YOUR INSTRUCTIONS ->
Lines in the listing below that hold "Hotel" are the ones to copy.
▽
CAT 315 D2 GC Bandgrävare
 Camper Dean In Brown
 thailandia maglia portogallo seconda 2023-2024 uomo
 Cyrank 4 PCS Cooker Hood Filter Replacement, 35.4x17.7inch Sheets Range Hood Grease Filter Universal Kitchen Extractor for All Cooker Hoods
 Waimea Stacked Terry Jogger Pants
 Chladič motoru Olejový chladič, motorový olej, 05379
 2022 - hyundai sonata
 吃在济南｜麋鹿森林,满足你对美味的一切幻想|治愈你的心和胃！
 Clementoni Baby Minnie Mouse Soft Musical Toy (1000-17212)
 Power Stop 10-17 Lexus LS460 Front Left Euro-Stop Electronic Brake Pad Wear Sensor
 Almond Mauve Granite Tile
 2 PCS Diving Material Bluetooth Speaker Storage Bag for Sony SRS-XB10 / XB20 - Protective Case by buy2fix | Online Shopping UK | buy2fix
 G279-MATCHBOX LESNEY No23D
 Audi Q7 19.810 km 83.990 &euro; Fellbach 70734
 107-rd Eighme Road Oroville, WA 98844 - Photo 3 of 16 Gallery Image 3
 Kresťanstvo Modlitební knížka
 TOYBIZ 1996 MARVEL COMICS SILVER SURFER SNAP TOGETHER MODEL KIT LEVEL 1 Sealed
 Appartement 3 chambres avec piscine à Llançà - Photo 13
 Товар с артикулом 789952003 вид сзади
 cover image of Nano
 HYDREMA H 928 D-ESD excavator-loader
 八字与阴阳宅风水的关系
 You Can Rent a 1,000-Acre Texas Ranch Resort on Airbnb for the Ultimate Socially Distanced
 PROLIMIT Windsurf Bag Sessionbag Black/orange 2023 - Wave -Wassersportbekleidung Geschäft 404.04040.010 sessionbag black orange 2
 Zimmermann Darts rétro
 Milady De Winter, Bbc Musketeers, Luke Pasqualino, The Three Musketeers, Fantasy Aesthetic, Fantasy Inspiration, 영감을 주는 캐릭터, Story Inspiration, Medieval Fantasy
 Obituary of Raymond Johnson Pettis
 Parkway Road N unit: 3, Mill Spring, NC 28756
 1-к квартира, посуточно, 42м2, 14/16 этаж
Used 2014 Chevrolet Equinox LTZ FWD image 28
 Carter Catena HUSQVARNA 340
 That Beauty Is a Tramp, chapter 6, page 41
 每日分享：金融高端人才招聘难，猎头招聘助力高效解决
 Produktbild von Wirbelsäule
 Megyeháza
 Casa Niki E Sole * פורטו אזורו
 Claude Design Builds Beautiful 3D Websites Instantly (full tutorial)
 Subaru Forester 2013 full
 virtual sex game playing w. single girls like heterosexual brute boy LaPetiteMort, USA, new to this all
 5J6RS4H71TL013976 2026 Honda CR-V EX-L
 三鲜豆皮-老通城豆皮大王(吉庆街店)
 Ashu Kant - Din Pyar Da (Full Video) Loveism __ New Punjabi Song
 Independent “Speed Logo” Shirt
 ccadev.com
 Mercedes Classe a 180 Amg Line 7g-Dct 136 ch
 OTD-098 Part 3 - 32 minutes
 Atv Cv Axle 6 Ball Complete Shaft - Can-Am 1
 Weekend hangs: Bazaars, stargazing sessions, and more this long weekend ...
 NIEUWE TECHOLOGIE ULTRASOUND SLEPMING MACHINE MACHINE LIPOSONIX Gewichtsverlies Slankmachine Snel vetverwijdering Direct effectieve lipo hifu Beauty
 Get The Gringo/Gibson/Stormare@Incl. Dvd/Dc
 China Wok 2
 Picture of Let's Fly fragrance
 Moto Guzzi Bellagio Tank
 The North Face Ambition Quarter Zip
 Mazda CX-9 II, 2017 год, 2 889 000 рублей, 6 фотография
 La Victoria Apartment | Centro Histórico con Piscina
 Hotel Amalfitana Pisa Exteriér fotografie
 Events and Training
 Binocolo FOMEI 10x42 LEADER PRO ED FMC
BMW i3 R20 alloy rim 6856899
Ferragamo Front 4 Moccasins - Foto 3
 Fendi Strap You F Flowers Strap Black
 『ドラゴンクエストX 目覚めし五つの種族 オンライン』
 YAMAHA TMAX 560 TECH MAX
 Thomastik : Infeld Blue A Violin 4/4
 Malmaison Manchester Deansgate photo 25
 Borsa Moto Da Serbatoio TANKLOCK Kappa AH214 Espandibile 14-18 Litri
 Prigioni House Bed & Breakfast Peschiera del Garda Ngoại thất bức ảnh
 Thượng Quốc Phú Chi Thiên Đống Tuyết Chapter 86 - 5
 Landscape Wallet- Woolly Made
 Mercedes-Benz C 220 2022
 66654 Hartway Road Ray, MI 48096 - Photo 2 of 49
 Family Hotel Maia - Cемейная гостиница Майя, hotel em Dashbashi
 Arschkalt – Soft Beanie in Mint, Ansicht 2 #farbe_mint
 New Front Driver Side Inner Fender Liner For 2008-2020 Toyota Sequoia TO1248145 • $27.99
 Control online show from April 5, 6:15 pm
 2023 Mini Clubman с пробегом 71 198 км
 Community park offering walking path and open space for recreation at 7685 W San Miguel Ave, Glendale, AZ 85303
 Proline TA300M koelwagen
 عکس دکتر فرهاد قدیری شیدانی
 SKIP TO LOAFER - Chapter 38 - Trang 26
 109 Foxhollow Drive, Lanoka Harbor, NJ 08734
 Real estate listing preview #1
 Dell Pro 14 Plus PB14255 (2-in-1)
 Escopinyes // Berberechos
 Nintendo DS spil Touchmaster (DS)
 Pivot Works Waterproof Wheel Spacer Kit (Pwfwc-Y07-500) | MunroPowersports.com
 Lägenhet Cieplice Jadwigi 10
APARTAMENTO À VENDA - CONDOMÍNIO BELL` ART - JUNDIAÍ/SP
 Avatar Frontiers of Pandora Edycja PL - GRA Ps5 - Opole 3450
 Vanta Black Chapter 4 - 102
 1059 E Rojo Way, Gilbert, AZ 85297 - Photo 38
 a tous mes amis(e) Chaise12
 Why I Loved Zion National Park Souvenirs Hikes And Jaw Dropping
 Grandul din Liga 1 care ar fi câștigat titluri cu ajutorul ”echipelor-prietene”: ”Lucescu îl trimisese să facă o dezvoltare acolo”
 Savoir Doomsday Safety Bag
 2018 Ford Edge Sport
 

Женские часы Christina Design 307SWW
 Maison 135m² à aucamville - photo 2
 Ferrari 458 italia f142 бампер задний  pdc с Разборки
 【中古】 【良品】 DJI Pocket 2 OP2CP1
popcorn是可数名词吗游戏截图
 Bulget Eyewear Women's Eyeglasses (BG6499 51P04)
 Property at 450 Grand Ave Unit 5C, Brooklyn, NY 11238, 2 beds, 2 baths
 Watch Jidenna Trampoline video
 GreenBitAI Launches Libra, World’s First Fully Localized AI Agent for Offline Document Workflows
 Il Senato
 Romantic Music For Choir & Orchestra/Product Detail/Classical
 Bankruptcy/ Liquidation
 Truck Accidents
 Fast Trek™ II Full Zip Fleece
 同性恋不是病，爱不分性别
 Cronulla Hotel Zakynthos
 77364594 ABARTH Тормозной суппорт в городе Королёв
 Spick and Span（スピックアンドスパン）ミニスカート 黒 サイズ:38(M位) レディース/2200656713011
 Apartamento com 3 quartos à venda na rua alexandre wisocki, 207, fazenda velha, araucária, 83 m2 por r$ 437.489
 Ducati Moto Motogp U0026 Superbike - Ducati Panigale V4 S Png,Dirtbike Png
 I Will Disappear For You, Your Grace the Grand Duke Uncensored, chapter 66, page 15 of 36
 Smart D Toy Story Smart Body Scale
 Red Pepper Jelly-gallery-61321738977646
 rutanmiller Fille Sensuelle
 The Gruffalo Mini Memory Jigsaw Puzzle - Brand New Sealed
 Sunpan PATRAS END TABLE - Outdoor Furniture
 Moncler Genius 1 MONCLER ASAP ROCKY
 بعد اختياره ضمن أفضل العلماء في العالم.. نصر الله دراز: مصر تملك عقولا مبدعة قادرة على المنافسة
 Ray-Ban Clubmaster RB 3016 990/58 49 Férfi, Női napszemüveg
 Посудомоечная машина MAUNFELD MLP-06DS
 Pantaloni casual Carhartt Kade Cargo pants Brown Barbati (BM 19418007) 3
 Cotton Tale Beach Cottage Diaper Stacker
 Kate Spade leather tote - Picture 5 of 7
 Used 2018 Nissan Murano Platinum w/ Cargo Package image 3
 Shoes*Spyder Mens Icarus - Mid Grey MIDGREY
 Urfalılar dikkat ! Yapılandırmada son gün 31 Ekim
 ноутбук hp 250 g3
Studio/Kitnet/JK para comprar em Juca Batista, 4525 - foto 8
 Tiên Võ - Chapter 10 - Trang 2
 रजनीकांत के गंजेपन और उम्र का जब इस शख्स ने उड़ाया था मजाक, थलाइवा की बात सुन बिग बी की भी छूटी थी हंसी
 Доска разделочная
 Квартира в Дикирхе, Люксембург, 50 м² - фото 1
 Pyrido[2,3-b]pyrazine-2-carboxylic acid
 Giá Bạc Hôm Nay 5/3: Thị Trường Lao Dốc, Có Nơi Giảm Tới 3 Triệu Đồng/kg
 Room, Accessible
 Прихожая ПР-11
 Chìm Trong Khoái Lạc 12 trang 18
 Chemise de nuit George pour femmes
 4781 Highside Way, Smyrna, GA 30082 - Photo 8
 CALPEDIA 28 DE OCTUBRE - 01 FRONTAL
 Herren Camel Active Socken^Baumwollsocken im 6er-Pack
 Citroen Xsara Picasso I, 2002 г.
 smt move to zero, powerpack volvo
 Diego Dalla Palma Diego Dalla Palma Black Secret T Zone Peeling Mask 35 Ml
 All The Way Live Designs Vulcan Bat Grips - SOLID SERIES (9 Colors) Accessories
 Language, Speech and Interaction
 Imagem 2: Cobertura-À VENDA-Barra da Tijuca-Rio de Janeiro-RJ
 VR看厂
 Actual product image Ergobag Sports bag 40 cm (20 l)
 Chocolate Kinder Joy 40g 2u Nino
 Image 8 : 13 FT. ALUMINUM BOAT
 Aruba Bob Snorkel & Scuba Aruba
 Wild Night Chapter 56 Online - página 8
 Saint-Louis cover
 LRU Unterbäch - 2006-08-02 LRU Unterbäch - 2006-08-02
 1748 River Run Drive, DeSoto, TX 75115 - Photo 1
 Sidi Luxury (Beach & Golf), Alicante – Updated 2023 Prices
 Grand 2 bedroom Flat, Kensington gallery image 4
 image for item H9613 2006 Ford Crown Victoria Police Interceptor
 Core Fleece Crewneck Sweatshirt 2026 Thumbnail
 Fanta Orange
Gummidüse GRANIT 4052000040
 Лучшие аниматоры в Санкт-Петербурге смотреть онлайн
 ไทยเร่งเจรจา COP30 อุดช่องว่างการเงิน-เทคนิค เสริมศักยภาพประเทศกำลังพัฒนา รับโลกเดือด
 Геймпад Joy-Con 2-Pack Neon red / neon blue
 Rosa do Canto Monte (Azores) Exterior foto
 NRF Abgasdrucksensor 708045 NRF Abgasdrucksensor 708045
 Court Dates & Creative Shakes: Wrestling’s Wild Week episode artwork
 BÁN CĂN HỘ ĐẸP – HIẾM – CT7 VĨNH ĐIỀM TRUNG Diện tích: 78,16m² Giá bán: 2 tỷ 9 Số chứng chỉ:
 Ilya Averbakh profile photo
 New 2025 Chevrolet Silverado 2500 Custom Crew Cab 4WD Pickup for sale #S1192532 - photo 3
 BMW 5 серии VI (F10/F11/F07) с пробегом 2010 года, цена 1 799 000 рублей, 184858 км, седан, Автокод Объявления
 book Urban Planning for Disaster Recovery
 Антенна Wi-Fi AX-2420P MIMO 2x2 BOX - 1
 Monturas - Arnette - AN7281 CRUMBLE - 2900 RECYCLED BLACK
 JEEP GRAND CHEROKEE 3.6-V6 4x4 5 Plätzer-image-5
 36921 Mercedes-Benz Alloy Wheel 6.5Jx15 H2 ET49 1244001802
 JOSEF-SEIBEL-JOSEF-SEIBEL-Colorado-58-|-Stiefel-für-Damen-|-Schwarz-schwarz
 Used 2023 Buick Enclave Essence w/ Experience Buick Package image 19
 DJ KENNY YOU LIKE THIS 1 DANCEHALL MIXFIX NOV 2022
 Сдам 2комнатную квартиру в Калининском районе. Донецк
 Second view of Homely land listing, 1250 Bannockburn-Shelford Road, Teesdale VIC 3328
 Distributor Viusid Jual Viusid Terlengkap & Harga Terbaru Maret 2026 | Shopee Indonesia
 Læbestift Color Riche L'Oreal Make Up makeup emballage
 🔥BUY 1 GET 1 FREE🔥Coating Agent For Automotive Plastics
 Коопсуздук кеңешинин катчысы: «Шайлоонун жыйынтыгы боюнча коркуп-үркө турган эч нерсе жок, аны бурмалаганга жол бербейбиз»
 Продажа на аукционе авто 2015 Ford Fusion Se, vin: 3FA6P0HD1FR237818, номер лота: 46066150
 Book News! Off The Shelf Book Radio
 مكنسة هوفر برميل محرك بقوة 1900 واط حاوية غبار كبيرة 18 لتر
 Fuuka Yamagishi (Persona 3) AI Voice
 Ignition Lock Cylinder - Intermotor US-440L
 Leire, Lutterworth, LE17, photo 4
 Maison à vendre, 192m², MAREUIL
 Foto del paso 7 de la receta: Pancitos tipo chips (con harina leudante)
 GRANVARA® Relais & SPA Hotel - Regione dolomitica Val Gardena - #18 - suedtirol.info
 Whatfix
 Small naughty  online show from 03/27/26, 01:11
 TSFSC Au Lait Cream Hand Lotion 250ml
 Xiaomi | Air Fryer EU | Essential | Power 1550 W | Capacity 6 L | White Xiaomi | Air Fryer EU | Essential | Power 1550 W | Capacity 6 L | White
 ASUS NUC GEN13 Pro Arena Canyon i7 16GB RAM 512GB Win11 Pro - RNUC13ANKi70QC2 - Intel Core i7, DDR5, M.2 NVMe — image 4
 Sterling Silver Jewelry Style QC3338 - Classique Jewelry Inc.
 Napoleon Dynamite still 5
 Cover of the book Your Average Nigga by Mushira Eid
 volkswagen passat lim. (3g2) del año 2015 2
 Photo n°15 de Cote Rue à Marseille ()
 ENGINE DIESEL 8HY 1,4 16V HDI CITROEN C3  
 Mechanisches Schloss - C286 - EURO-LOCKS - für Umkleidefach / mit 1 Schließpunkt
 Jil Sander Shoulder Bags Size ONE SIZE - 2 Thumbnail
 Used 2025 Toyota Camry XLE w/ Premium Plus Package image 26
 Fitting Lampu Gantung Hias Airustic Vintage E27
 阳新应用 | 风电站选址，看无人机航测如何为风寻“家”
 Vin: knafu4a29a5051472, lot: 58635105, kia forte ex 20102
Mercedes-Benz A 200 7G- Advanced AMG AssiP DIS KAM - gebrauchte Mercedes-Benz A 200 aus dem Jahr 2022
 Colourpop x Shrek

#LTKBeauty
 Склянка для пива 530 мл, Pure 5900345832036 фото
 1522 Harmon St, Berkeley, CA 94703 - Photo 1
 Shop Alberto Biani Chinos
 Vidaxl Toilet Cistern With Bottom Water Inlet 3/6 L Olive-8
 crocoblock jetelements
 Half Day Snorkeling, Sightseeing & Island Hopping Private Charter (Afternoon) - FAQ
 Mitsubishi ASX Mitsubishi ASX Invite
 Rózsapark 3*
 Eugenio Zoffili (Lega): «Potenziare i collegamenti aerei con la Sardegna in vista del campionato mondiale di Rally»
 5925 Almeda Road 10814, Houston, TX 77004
△
EXERCISE RESULT ->
 Hotel Amalfitana Pisa Exteriér fotografie
 Family Hotel Maia - Cемейная гостиница Майя, hotel em Dashbashi
 Cronulla Hotel Zakynthos
 GRANVARA® Relais & SPA Hotel - Regione dolomitica Val Gardena - #18 - suedtirol.info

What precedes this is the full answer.